**RECORDS PROVIDED**.
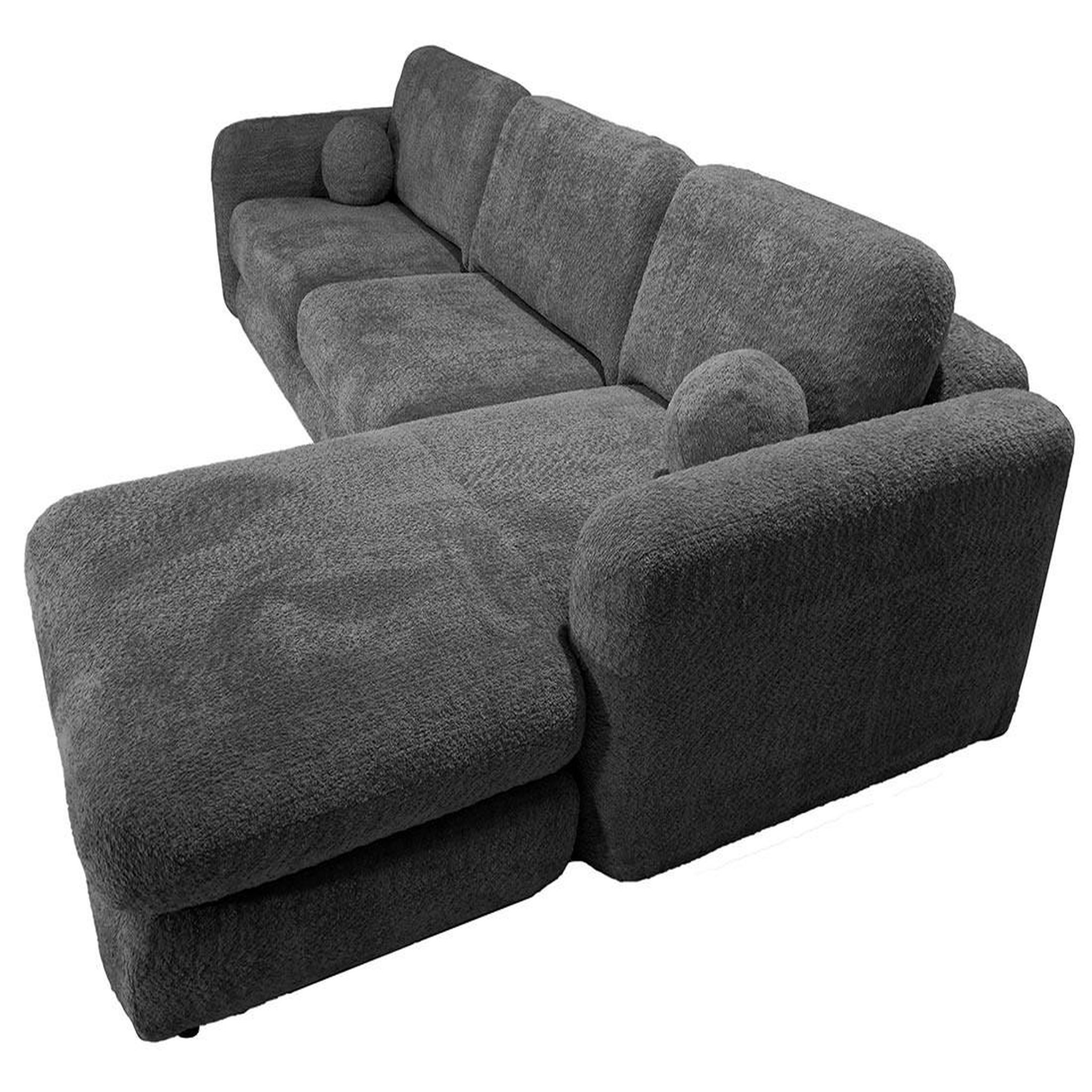 Voir la diapositive 5 : BEST MOBILIER Rachel - canapé d'angle droit 4 places en tissu bouclette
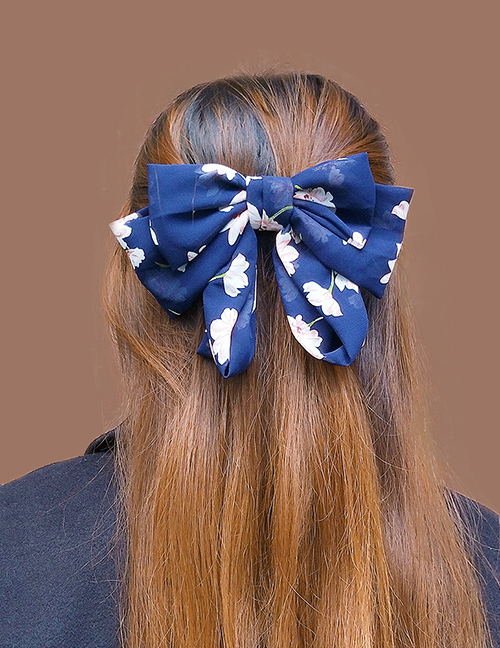 Fashion Navy Blue Fabric Flower Print Bow Hair Clip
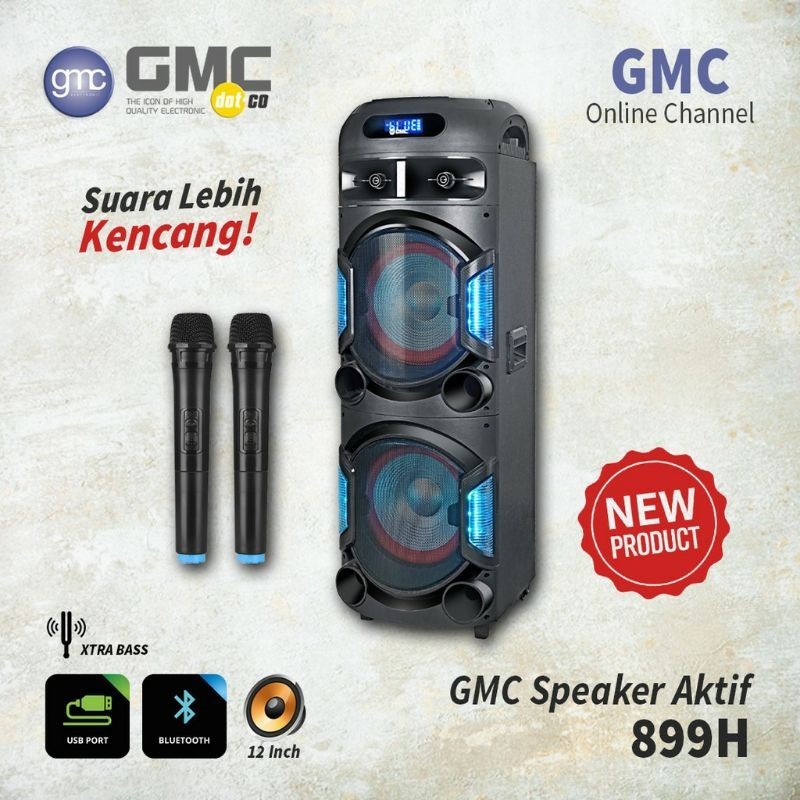 Speaker Bluetooth Multimedia GMC 899H Super Bass + 2 Mic Wireless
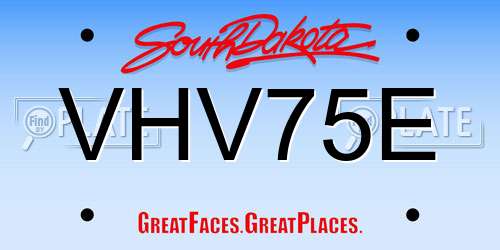 VHV75E South Dakota License Plate
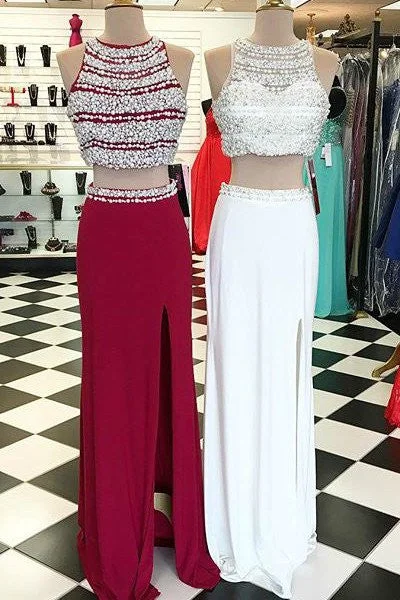Sexy Two Pieces Red Beaded Evening Prom Dresses, Long Beaded Party Prom Dress, Custom Long Prom Dresses, Cheap Formal Prom Dresses, 17055 Halter Neckline Beach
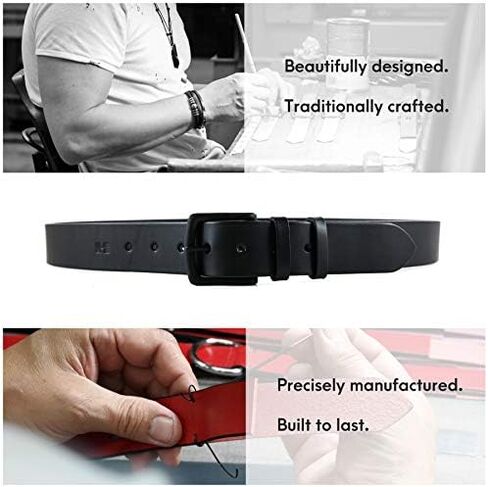 حزام جلدي للرجال من HoffeBelts - أحزمة مصنوعة يدويًا للرجال بإبزيم، أحزمة جلدية محببة بالكامل، كاجوال وفستان وقابلة للعكس in Kuwait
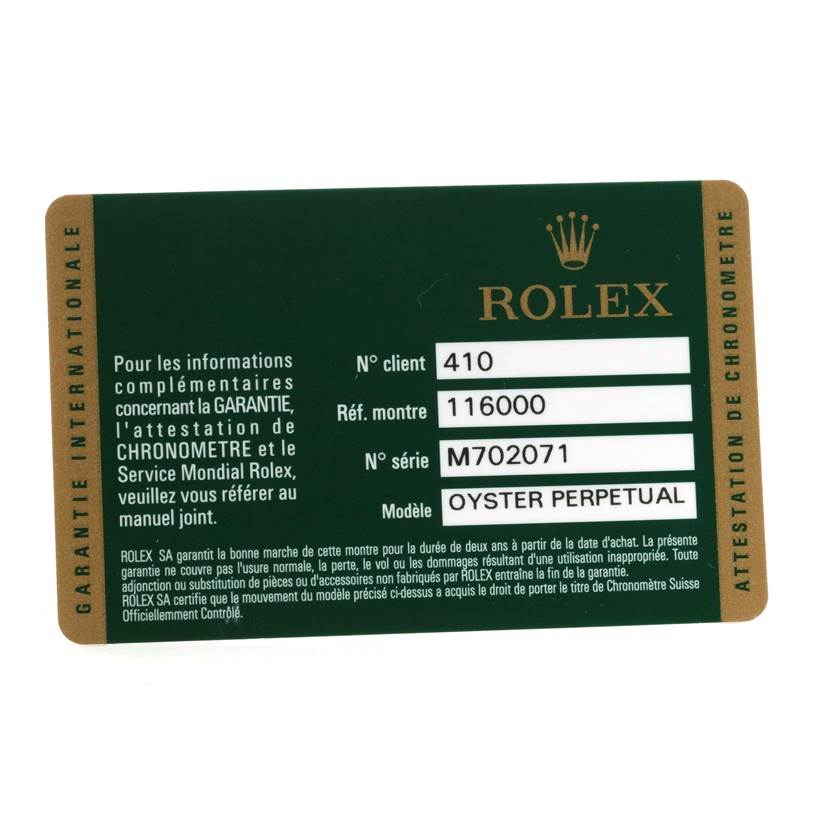 This image shows the warranty card for a Rolex Oyster Perpetual 116000 Men's Stainless Steel Black Dial 116000 Men's Stainless Steel Black Dial watch, displaying reference, serial number, client number, and model name.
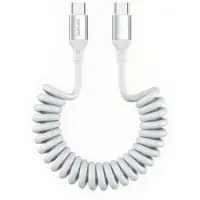 4smarts USB-C naar USB-C Krulsnoer Kabel 240W Power Delivery 50CM Wit
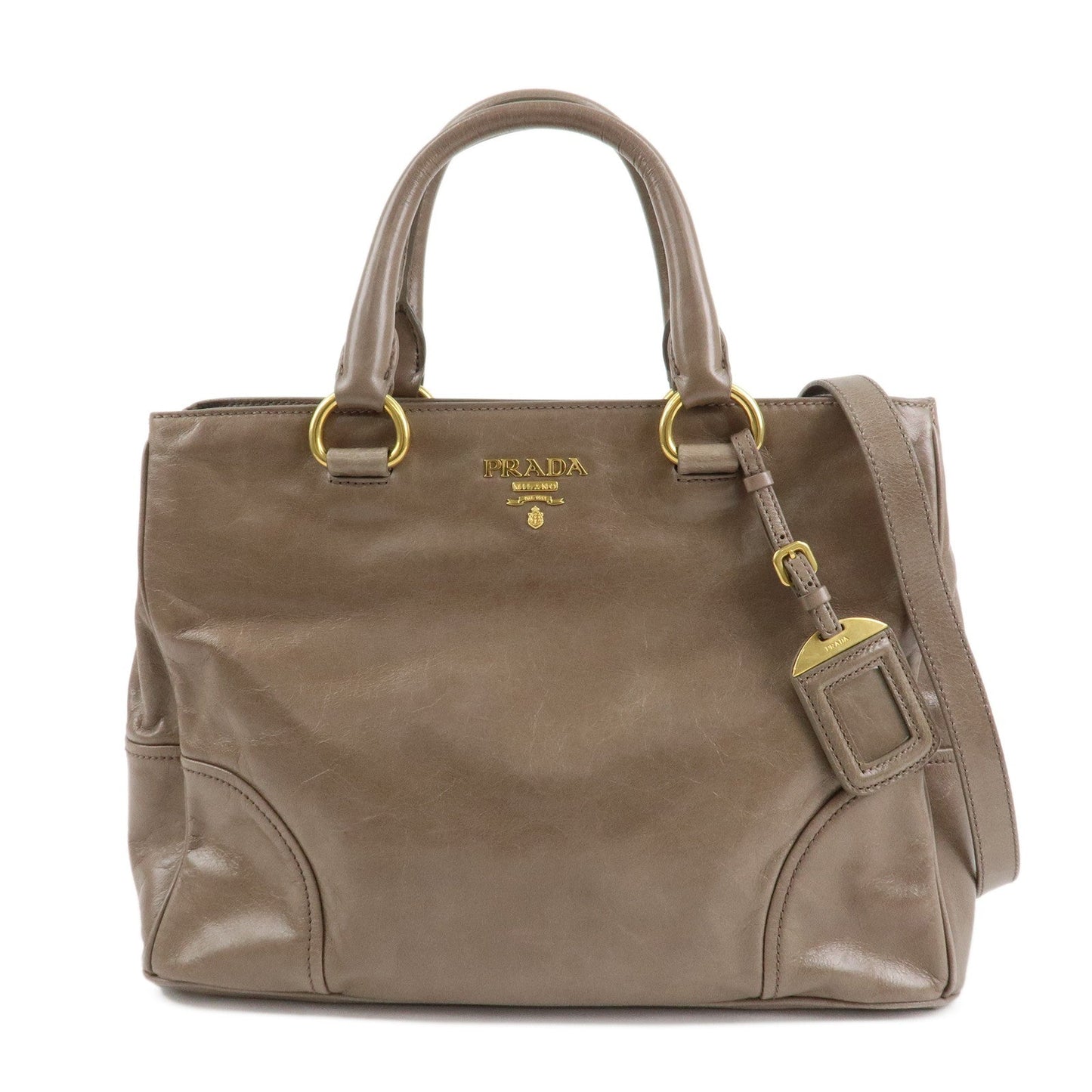 Shoulder Bag 2Way Bag Hand Bag Greige d Leather Logo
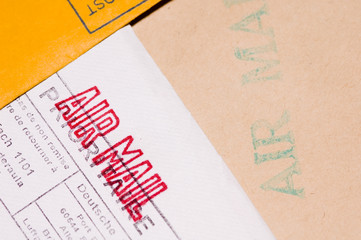 several envelopes with stamps close up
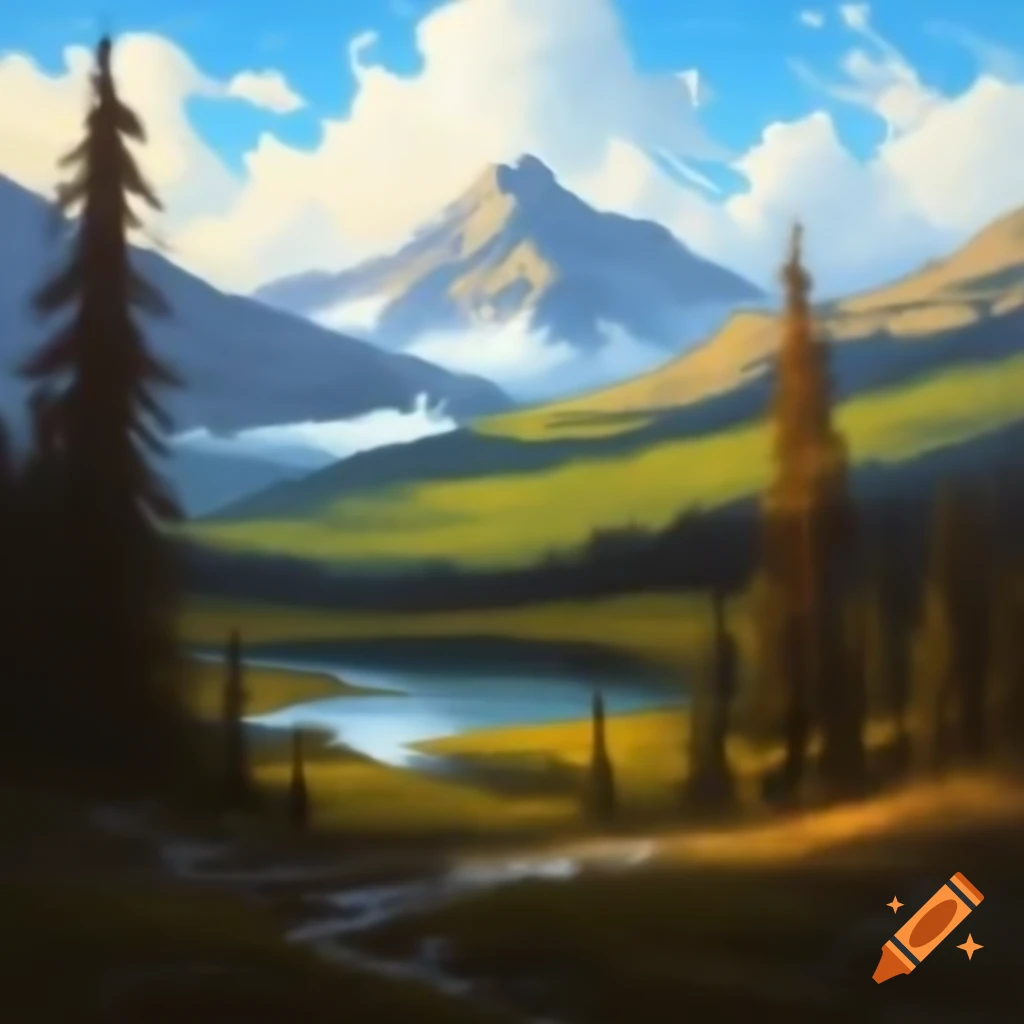 Landscape with lake, trees, and mountain range in Bob Ross oil painting style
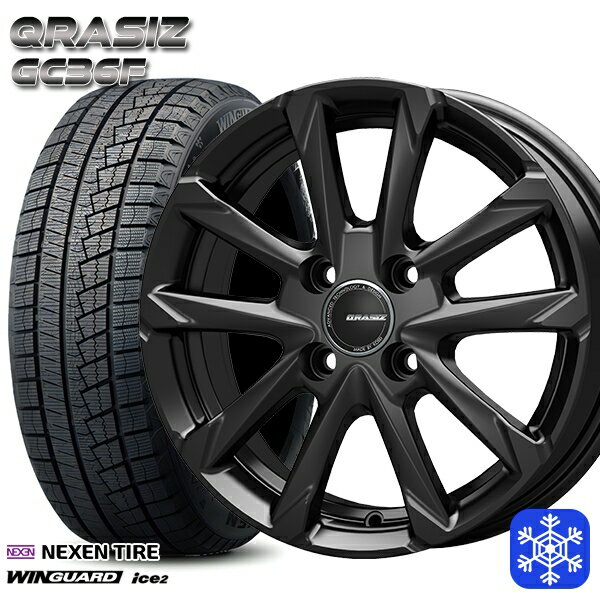 【取付対象】155/65R13 モコ ルークス 2022年製 ネクセン WINGUARD ice2 クレイシズ GC36F グロスブラック 13インチ 4.0J 4穴 100 スタッドレスタイヤホイール4本セット 送料無料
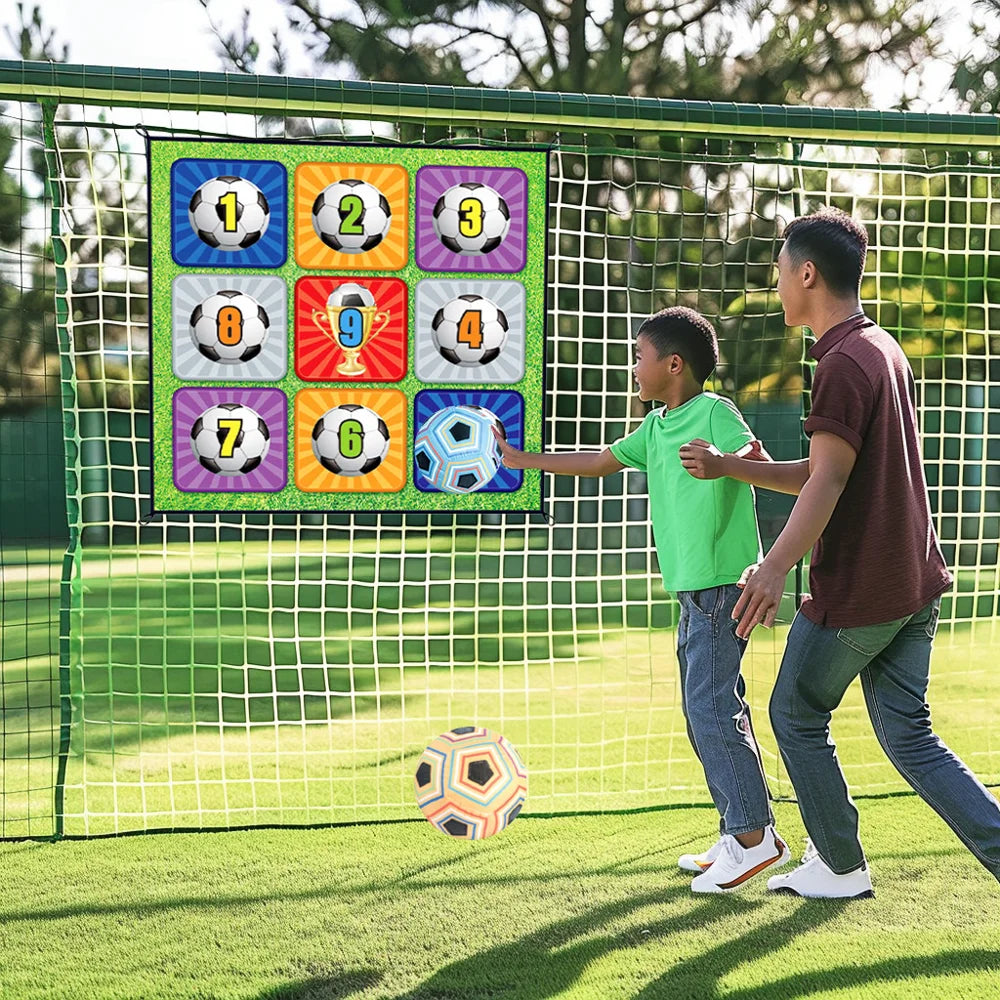 Indoor Soccer Target Game Magic Tape Football Throwing Practice Set for Kids Interactive Toy - Blue - 3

**ASSIGNMENT**. Write out exactly the stretch of lines that begins with the line containing "100 スタッドレスタイヤホイール4本セット 送料無料" and ends with the last line of the records above, leaving out the pictures.

**RESULT OF THIS EXERCISE**.
 【取付対象】155/65R13 モコ ルークス 2022年製 ネクセン WINGUARD ice2 クレイシズ GC36F グロスブラック 13インチ 4.0J 4穴 100 スタッドレスタイヤホイール4本セット 送料無料
 Indoor Soccer Target Game Magic Tape Football Throwing Practice Set for Kids Interactive Toy - Blue - 3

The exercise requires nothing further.